Dataset content:
--- START ---
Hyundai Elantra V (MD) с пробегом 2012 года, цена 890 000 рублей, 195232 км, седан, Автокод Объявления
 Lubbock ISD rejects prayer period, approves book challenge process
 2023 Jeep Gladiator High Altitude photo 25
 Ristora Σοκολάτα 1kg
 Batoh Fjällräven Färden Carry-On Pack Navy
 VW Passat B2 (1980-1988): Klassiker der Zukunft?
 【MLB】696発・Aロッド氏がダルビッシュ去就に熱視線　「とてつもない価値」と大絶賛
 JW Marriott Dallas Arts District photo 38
--- END ---
Problem to solve: How many lines of the listing above include the word "photo"? Reply with the number alone.

Final answer: 2